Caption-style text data
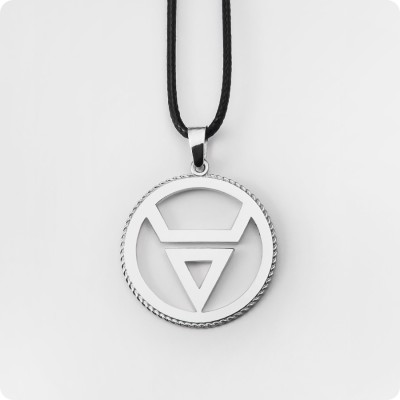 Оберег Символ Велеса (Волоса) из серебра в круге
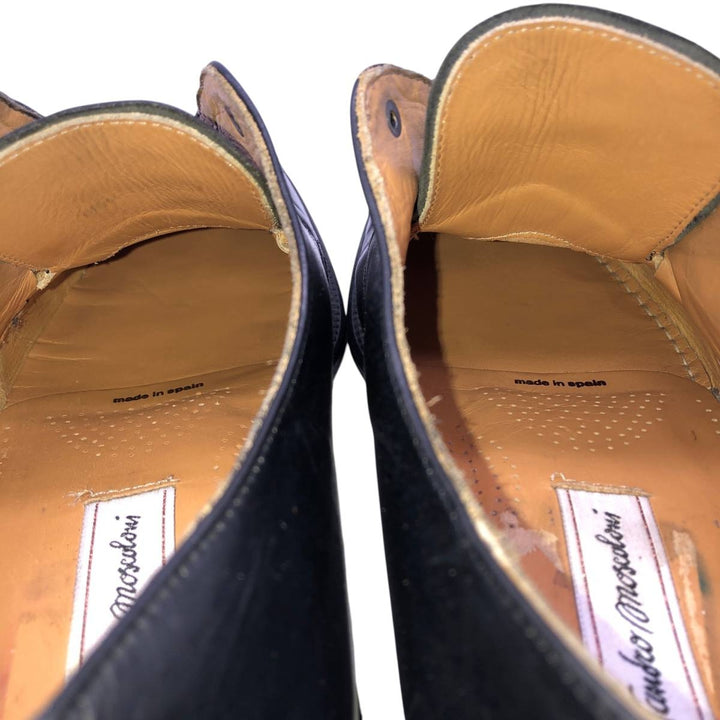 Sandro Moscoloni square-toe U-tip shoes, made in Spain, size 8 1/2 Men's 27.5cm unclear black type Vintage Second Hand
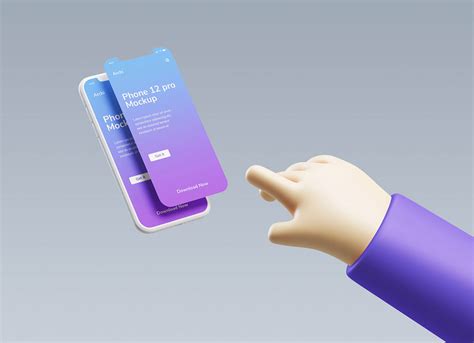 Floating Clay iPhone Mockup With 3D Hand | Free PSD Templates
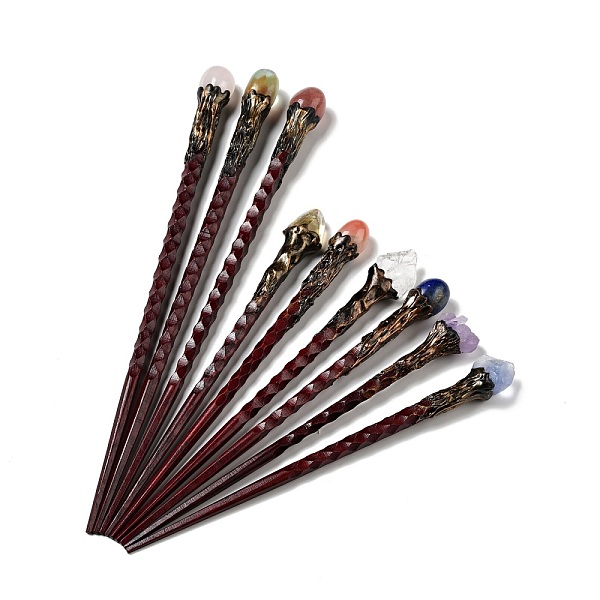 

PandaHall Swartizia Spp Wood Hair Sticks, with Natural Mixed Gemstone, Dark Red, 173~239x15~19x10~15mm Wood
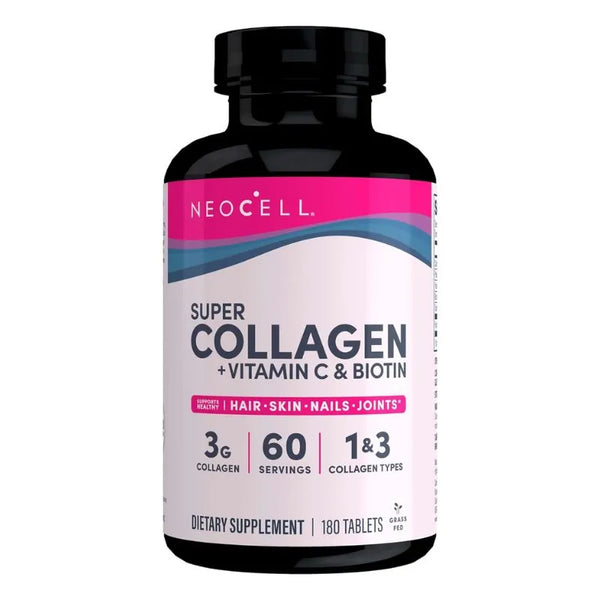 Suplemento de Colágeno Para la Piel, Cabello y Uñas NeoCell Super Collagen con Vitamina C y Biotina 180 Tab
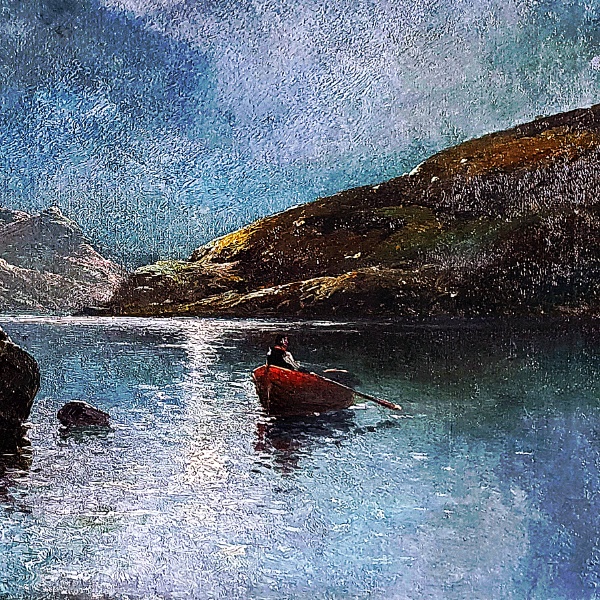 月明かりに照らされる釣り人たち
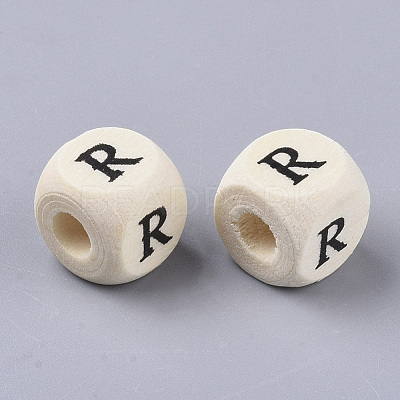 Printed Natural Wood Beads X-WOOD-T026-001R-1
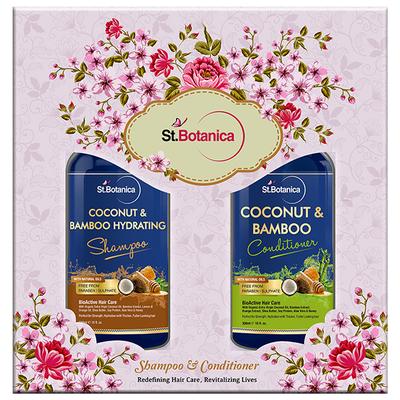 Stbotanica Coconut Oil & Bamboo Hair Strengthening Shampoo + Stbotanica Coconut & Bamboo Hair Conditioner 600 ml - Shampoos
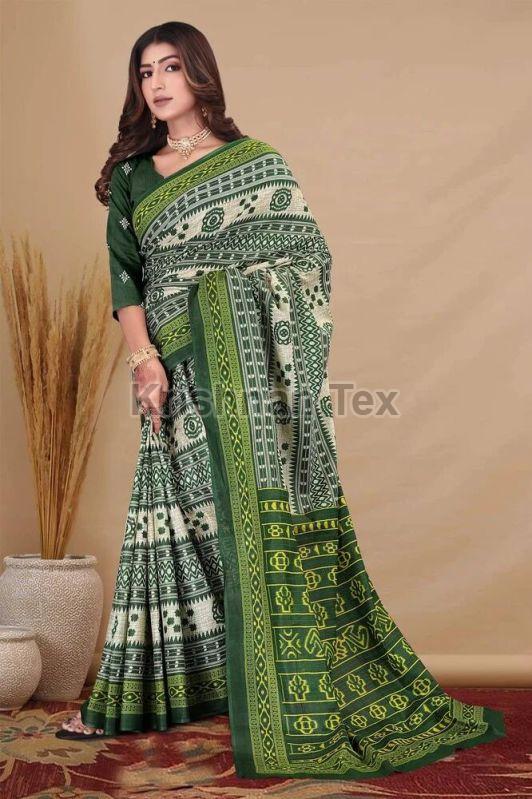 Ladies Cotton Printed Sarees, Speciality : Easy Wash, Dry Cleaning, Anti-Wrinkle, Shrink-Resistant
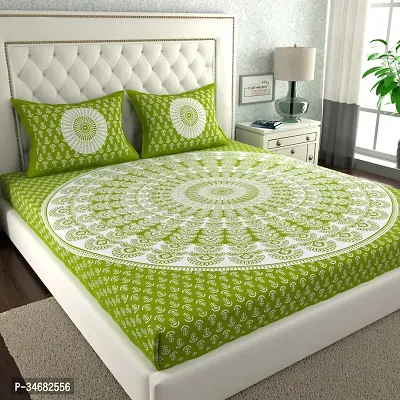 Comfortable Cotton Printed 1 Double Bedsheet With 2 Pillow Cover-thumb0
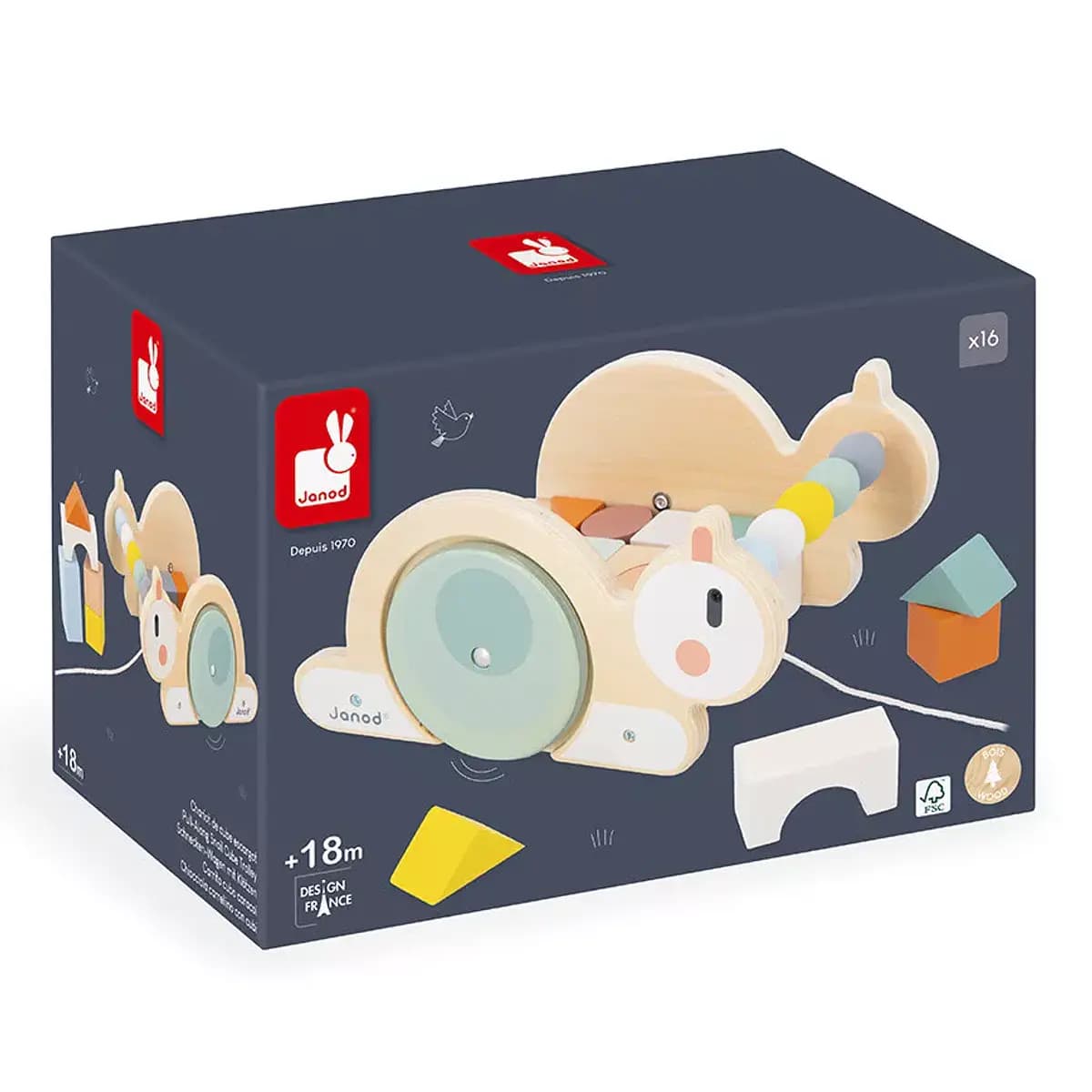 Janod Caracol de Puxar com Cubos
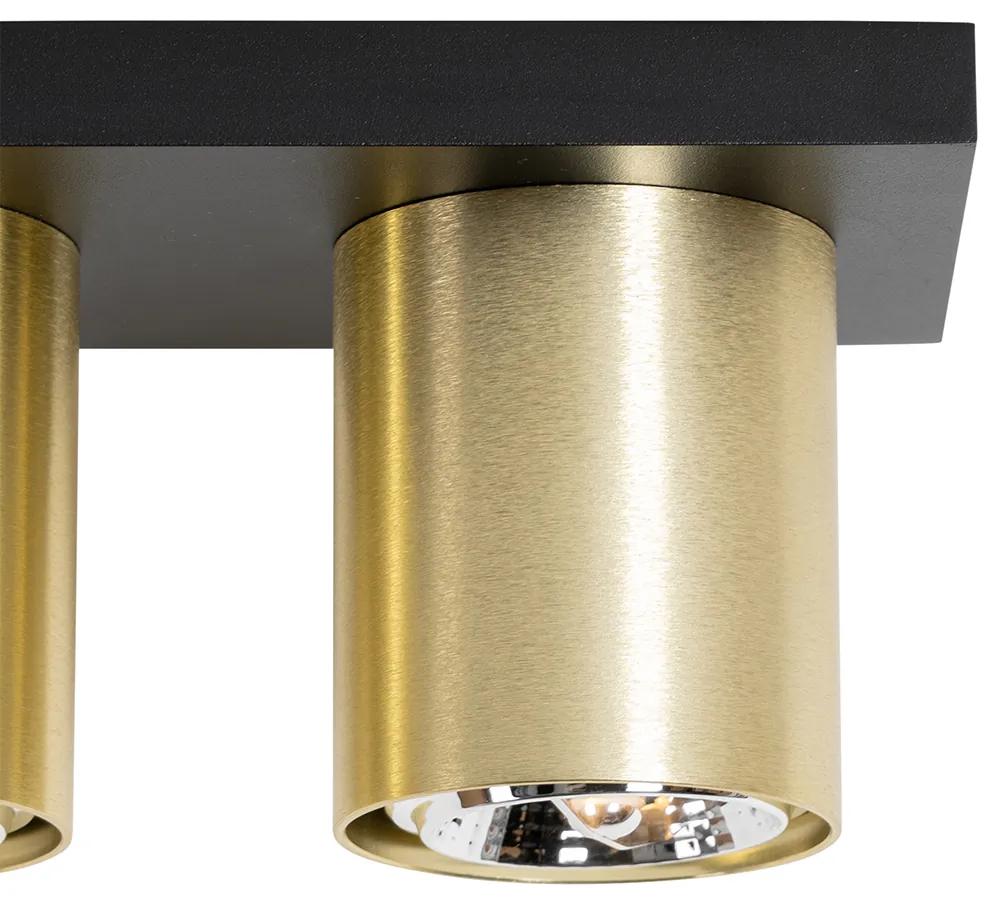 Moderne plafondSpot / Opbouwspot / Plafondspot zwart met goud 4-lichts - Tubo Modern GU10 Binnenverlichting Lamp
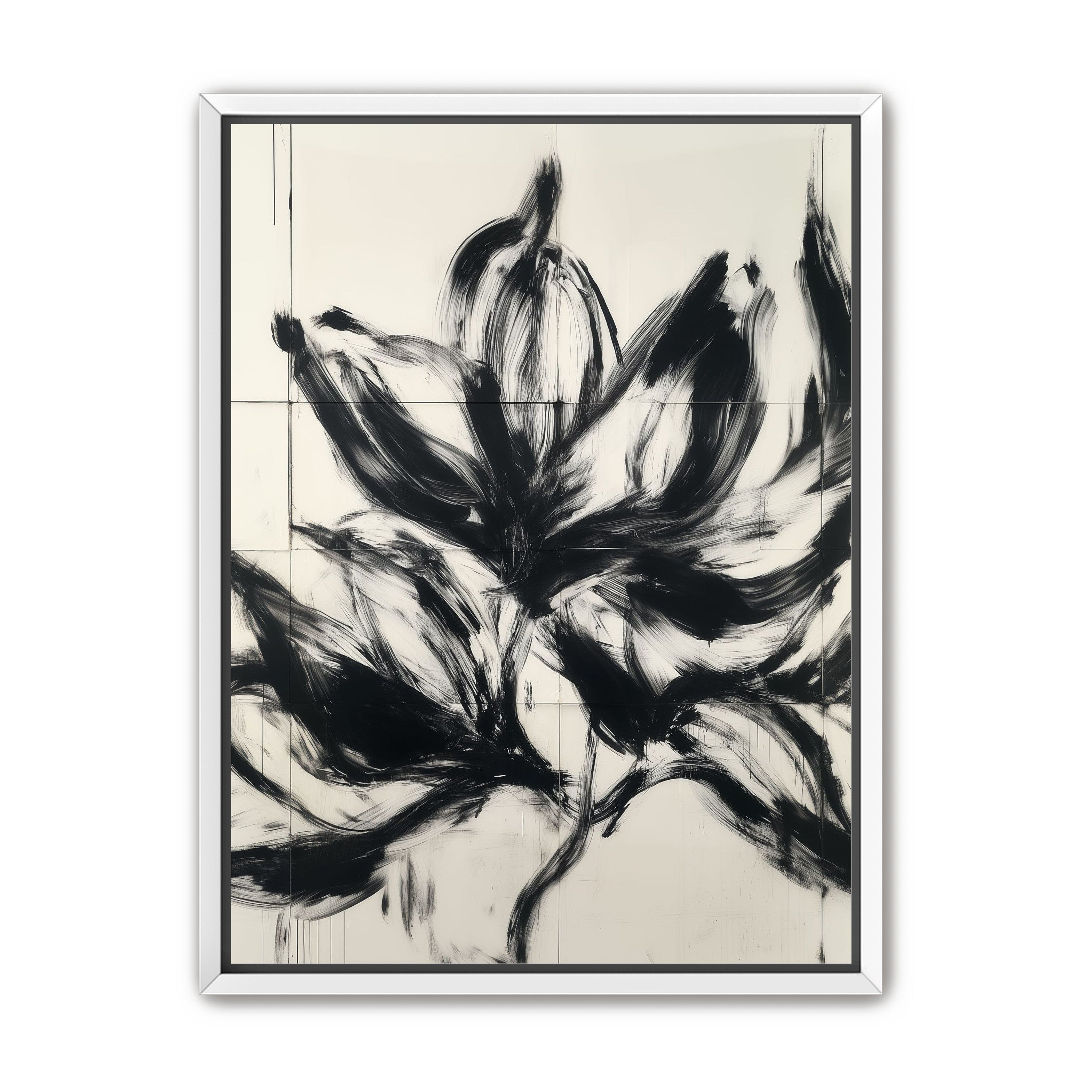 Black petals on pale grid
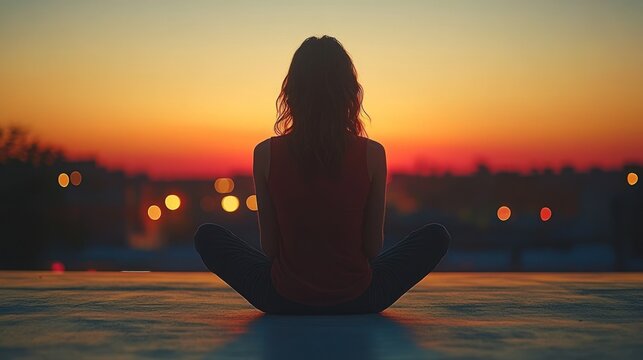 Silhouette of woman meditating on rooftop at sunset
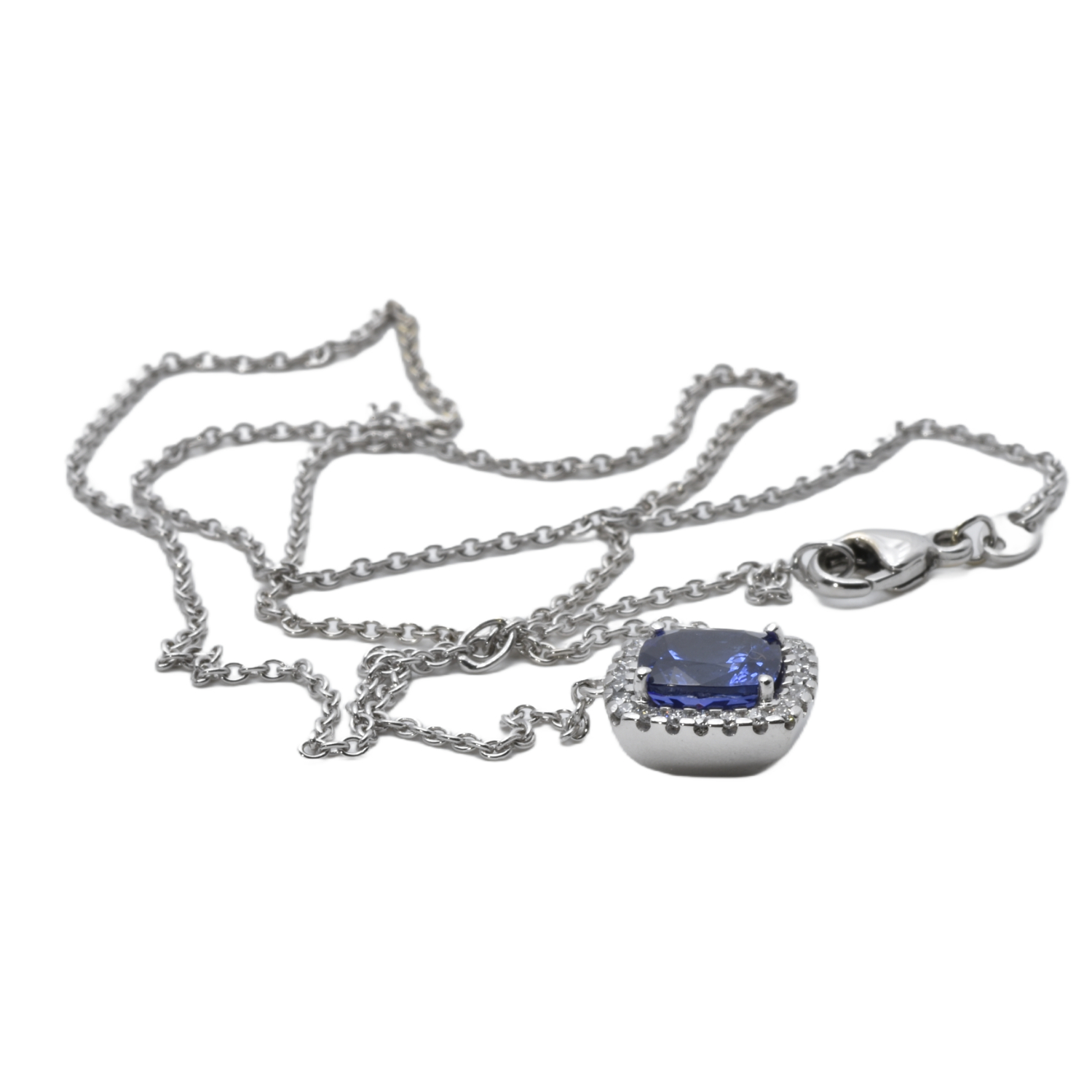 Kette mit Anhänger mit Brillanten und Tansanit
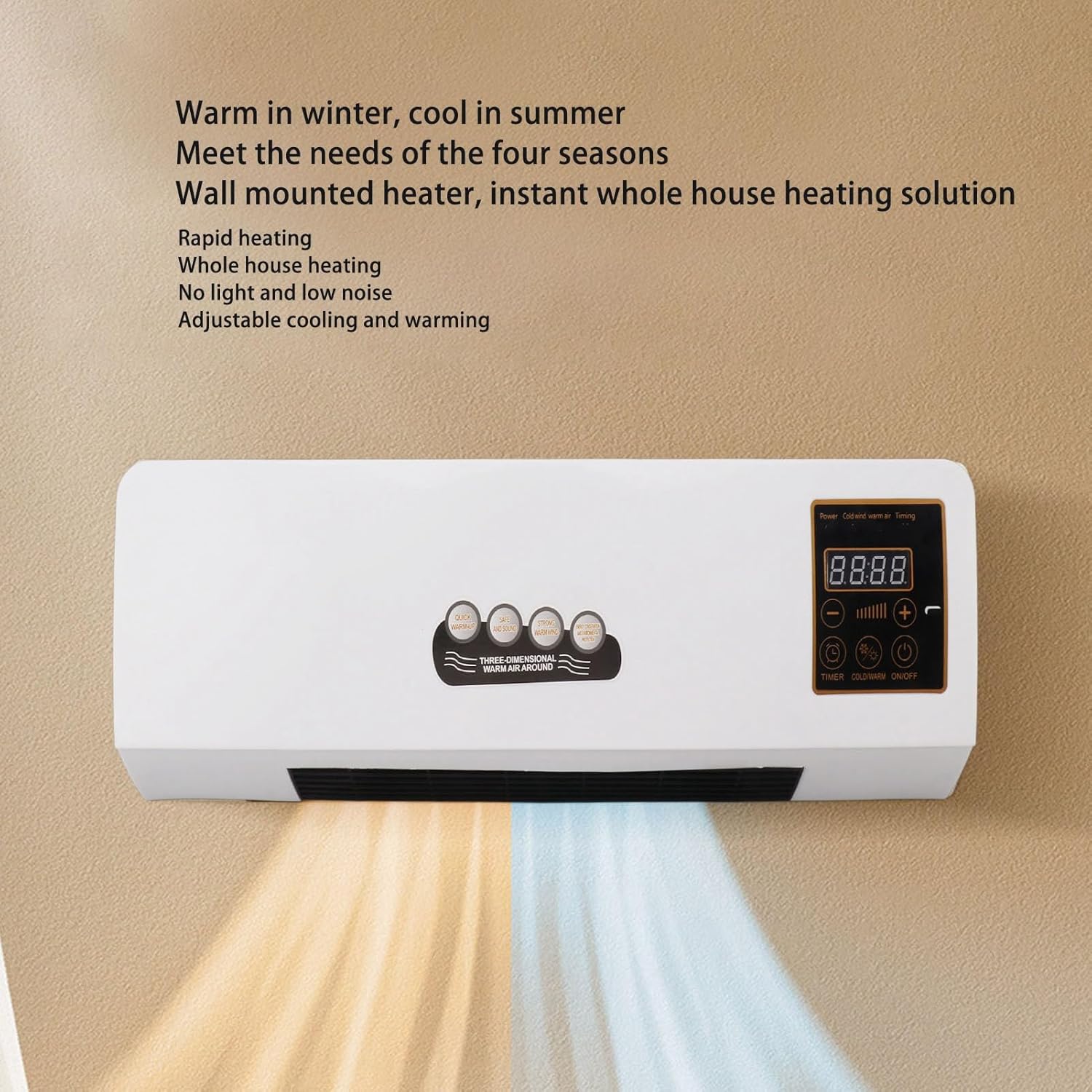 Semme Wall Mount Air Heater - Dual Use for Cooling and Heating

What to work on. Keep every word of the records exact as you write them out, but drop the pictures.

Task result.
 Оберег Символ Велеса (Волоса) из серебра в круге
 Sandro Moscoloni square-toe U-tip shoes, made in Spain, size 8 1/2 Men's 27.5cm unclear black type Vintage Second Hand
 Floating Clay iPhone Mockup With 3D Hand | Free PSD Templates

PandaHall Swartizia Spp Wood Hair Sticks, with Natural Mixed Gemstone, Dark Red, 173~239x15~19x10~15mm Wood
 Suplemento de Colágeno Para la Piel, Cabello y Uñas NeoCell Super Collagen con Vitamina C y Biotina 180 Tab
 月明かりに照らされる釣り人たち
 Printed Natural Wood Beads X-WOOD-T026-001R-1
 Stbotanica Coconut Oil & Bamboo Hair Strengthening Shampoo + Stbotanica Coconut & Bamboo Hair Conditioner 600 ml - Shampoos
 Ladies Cotton Printed Sarees, Speciality : Easy Wash, Dry Cleaning, Anti-Wrinkle, Shrink-Resistant
 Comfortable Cotton Printed 1 Double Bedsheet With 2 Pillow Cover-thumb0
 Janod Caracol de Puxar com Cubos
 Moderne plafondSpot / Opbouwspot / Plafondspot zwart met goud 4-lichts - Tubo Modern GU10 Binnenverlichting Lamp
 Black petals on pale grid
 Silhouette of woman meditating on rooftop at sunset
 Kette mit Anhänger mit Brillanten und Tansanit
 Semme Wall Mount Air Heater - Dual Use for Cooling and Heating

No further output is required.